In a rare interview montage from this era, Adam Clayton's insight (7:43ff) is helpful:

"I think Europe is much more geared up for the future, in a way, than America was before this election. I think Europe is generally looking forward to the turn of the century (and) a little bit more cynical about the grip of the media upon it. So I think..these two ideas of the turn of the century, and the media as such and what you believe and what's truthful and what's relevant to your life and how much of it's under your own control... are
issues that are going to be valid in Europe over the next ten years.


I think the unification of Europe is going to present as many problems as it solves..people are aware of that...so I think what we're going be be trying to do is touch on those issues, and not necessarily preach to anyone, but certainly in our own way, within in the context of the ZOO TV (Zooropa) Tour is perhaps have our own particular unity..the 'United Colors of Zooropa' or whatever.
I think it will be a ray of sunshine in a very bleak year"


So many things stand out! Among them, if only the church could microcosmically and counterculturally...and "without necessarily preaching"... model Kingdom community, colors and alternate reality. "Church within the church"
is nothing new..but it's time to try it!

It likely will take a touch of postmodern and postexilic simulacra and a taste of the orthodox "holy fool" (see bottom of this page) approach....in a way that is sensitive to the '00s...maybe in the more subdued irony that U2 has captured recently.
No horns.

Maybe one.

St Tim Neufeld has caught the relevance of 90s U2 for our times.
"As usual, U2 was ten years ahead of their time."
...As always when you enter the present by the back door/trap door of the future.

(one should not that Larry Burkett wrote "The Coming Economic Earthquake" in
the early 1990s, and he died with people saying he was a false prophet)


But within "our own tour" (Steve Taylor's language, as well: "tourism can serve as a redemptive framework for postmodern mission, in which people are `tourists' on spiritual journeys and the church operates as `tour guide,' stimulating forward movement and nourishing the quest." (p.83, "The Out of Bounds Church?") , and "in our own way"..
let "our own particular unity" shine.


About the "ray of sunshine in a very bleak year."

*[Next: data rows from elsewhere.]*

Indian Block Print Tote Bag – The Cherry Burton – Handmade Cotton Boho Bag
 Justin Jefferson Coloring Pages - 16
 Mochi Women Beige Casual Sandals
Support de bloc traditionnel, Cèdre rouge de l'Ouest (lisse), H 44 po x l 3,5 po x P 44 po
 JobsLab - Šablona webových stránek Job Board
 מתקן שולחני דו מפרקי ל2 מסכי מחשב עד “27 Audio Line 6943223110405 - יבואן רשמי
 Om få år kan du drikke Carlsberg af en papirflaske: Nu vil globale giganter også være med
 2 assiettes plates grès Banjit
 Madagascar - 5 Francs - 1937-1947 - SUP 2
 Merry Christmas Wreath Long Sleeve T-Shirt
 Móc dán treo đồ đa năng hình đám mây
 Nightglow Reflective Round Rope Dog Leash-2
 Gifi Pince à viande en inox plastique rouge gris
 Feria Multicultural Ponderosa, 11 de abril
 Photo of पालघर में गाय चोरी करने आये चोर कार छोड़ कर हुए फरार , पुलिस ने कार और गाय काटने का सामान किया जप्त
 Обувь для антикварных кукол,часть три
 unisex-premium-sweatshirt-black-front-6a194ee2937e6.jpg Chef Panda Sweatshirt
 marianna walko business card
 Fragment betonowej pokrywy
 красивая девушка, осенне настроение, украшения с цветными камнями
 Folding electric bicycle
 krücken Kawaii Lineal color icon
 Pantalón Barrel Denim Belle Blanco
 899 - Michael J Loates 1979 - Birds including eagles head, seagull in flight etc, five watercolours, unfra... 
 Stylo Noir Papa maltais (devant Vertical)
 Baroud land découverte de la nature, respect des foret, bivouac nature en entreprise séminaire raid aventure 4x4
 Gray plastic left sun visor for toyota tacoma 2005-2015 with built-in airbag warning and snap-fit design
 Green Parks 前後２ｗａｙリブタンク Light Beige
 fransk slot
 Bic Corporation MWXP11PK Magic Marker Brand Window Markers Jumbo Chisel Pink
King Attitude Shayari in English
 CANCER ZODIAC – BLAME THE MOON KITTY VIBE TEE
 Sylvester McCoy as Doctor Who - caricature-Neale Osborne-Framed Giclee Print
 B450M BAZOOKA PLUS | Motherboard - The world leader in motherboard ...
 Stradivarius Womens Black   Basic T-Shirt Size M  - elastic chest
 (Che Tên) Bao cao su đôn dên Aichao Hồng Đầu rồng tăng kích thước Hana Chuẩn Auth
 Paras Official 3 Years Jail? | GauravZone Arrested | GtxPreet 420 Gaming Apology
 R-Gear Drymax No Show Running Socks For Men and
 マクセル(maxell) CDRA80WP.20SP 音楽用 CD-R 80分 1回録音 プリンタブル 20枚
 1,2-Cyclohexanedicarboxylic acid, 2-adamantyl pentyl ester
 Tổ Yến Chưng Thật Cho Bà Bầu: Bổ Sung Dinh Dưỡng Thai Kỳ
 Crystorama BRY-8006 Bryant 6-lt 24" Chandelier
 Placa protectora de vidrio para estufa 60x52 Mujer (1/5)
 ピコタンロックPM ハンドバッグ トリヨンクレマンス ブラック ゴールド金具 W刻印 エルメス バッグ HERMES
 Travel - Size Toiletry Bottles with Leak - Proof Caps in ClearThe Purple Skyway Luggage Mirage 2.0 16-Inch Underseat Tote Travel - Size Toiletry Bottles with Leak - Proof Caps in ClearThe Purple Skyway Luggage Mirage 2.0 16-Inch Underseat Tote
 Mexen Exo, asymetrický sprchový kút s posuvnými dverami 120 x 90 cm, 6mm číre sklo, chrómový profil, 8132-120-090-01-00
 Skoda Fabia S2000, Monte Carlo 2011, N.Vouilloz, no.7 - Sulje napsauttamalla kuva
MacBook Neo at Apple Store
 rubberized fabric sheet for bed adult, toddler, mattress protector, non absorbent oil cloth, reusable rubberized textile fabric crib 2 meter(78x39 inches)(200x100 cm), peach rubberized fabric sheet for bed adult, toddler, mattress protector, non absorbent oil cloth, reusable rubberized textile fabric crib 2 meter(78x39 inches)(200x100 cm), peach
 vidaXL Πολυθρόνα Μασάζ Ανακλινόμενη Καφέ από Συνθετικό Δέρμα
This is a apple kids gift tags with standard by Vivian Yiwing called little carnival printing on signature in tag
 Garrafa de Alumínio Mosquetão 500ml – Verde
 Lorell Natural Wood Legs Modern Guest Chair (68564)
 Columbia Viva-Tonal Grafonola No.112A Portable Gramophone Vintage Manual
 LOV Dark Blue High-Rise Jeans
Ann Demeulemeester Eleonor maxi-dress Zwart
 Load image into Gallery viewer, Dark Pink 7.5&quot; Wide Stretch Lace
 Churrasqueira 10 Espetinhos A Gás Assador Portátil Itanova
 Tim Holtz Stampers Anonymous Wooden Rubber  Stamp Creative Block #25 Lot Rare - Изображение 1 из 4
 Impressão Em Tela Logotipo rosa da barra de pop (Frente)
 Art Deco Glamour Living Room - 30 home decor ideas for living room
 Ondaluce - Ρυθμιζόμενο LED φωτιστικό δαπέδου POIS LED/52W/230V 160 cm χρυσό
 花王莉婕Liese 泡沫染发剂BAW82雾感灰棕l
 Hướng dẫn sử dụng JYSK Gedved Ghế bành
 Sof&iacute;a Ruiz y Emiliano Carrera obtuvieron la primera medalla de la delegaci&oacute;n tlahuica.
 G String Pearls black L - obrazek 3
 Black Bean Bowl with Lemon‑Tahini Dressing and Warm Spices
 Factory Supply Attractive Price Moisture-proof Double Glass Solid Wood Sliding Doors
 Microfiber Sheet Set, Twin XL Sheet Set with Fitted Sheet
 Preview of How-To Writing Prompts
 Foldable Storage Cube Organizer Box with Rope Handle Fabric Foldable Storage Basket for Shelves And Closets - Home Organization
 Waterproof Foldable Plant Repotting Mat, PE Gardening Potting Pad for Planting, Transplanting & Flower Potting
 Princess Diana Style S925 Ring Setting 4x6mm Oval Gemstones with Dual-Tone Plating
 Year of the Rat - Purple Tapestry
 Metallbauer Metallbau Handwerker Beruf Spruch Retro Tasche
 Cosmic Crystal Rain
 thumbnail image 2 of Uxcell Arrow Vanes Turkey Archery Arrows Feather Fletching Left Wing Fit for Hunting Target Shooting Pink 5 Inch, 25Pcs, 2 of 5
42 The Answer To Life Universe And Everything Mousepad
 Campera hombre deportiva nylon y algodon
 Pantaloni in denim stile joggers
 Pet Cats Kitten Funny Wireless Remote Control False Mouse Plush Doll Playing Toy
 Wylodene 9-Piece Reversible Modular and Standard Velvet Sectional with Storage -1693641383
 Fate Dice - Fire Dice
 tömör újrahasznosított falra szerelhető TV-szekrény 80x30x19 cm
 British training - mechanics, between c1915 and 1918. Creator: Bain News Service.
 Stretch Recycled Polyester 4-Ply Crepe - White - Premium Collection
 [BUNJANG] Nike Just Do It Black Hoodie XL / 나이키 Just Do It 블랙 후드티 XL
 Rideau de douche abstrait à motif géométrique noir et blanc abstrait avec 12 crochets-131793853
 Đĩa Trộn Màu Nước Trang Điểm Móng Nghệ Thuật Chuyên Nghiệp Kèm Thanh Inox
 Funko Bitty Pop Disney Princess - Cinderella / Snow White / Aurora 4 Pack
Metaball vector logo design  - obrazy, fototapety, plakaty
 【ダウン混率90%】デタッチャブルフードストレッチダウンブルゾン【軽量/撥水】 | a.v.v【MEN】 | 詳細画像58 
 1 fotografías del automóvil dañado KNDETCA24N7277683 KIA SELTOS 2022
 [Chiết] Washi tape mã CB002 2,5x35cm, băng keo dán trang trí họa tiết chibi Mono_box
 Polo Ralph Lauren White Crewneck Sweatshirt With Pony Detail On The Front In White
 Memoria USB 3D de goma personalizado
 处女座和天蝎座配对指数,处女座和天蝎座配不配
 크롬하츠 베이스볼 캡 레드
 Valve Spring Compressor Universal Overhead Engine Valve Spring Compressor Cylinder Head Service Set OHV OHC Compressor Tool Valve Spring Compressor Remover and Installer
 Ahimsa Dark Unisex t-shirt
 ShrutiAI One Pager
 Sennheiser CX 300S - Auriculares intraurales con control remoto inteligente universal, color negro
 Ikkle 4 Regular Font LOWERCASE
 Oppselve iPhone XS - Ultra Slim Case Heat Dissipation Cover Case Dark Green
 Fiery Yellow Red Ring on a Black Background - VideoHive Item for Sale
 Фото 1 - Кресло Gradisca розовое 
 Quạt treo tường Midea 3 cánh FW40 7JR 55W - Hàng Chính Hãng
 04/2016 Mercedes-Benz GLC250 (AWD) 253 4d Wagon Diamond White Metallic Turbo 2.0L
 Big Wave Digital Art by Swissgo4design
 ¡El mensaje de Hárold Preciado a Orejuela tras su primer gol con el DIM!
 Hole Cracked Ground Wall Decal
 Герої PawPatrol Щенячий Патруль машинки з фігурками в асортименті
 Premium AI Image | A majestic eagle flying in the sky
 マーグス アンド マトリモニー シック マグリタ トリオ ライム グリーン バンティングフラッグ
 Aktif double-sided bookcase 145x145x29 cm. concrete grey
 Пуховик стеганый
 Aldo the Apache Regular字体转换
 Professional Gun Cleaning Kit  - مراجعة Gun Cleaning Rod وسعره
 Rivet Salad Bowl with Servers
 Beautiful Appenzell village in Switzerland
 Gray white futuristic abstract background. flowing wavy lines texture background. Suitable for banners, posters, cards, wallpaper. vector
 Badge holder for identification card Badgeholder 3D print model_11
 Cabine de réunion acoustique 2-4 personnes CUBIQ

Clayton smiles, as he is well aware of the irony; the album and tour they were crafting as he spoke (Zooropa) was their bleakest ever..but what better technique/techbleak than to embody and incarnate such hopelessness ("Wake Up Dead Man").
No redemption without incarnation.


That comment also connected me to the classic and controversial "The Bright Side of Life"
from Monty Python's "Life of Brian."
If you think that was pure heresy, you haven't heard Jesus sing the song/;lament/dirge that the Biblle itself tells us was "Doe of the Morning"..

He sang it on a cross.



How else does one subvert and hijack dread, except via a ridiculous but redemptive whistling in the dark..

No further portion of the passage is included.